Sağlık Bakanlığı Temel Sağlık Hizmetleri Genel Müdürlüğü'nün açıklamasında, her yıl bahar aylarının gelmesiyle artan mantar zehirlenmelerine dikkat çekildi.
Mantarların klorofil taşımayan, parazit veya sporatif olarak yaşayan ve sporla üreyen canlı organizmalar olduğu, bu bitkilerin yenilebilir ve zehirli türleri bulunduğu ifade edilerek, yenilebilen ile zehirli olanların kesin ayırıcı özellikleri bulunmadığının altı çizildi.
Ölümle sonuçlanan bitkisel kaynaklı zehirlenmelerin yüzde 50'sinin yabani mantarlardan kaynaklandığı, doğada yenilebilen ve zehirli mantarların birlikte yetiştiği belirtilerek, Türkiye'de özellikle Kuzey ve Batı Anadolu bölgeleri başta olmak üzere, bol miktarda yabani mantar yetiştiği kaydedildi.
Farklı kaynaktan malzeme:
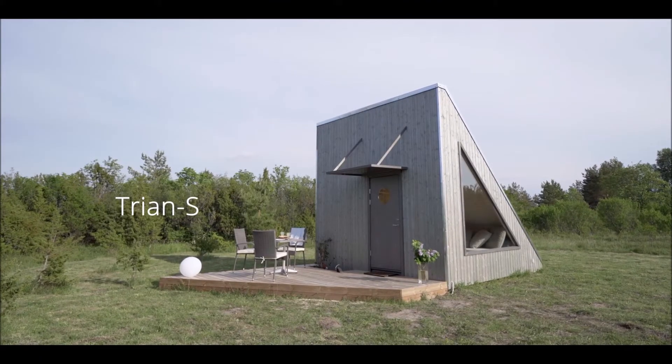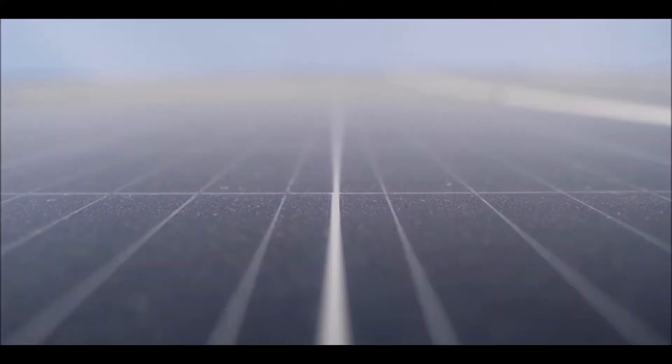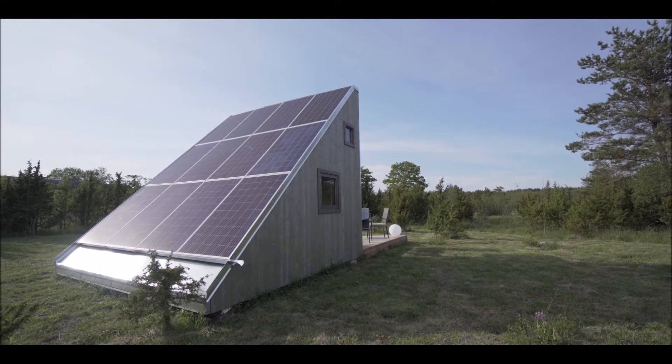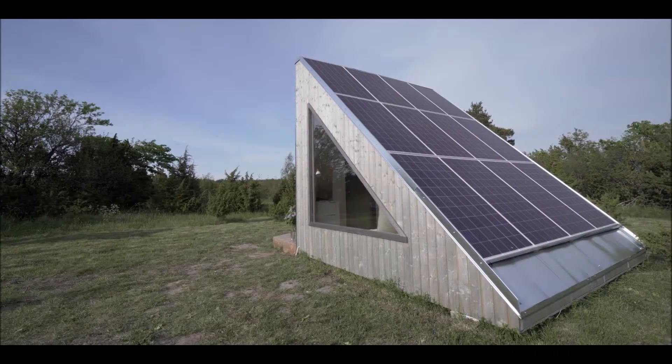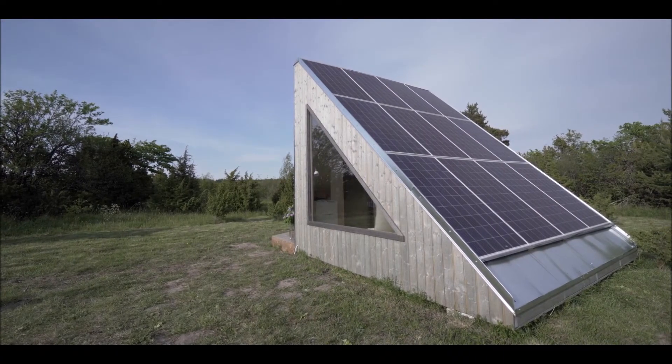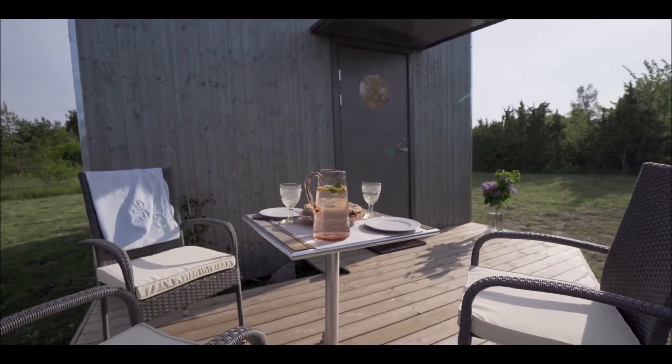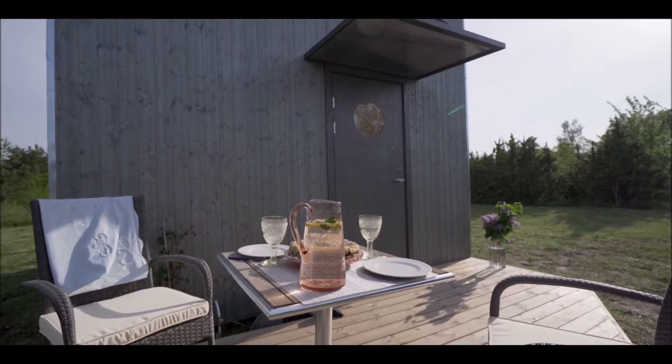Trion S is a triangular building that uses solar panels as a roof. To keep the price low, each detail has been given as many uses as possible. The triangle house can be viewed as a small solar farm in which the ground beneath the solar panels is put to use.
Mantar zehirlenmelerinin, yüksek mantar türlerinden bazılarının çiğ veya pişmiş meyve gövdelerinin tüketilmesiyle ortaya çıktığı, pişirme, dondurma, konserve yapma veya diğer gıda işleme yöntemlerinin zehir etkisini azaltmadığı ve yok etmediği vurgulanan açıklamada, ''Mantar zehirlenmeleri ve buna bağlı ölümlerin önlenmesi için doğada kendiliğinden yetişen yabani mantarlardan tümüyle uzak durulması gerekir. Zehirlenmeyi önlemenin tek yolu bu mantarların yenilmemesidir'' ifadesine yer verildi.
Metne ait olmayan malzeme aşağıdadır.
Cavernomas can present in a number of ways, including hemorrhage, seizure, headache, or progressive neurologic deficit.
Açıklamada, mantar satın alınırken de seralarda özel olarak yetiştirilen, marketlerde ambalaj içinde satılan ve ambalaj üzerinde firma adı, adresi ve nerede üretildiği belli olan, Tarım ve Köyişleri Bakanlığının üretim izni, tarih sayısı, imal ve son kullanma tarihlerinin olduğu mantarların tercih edilmesi tavsiye edildi.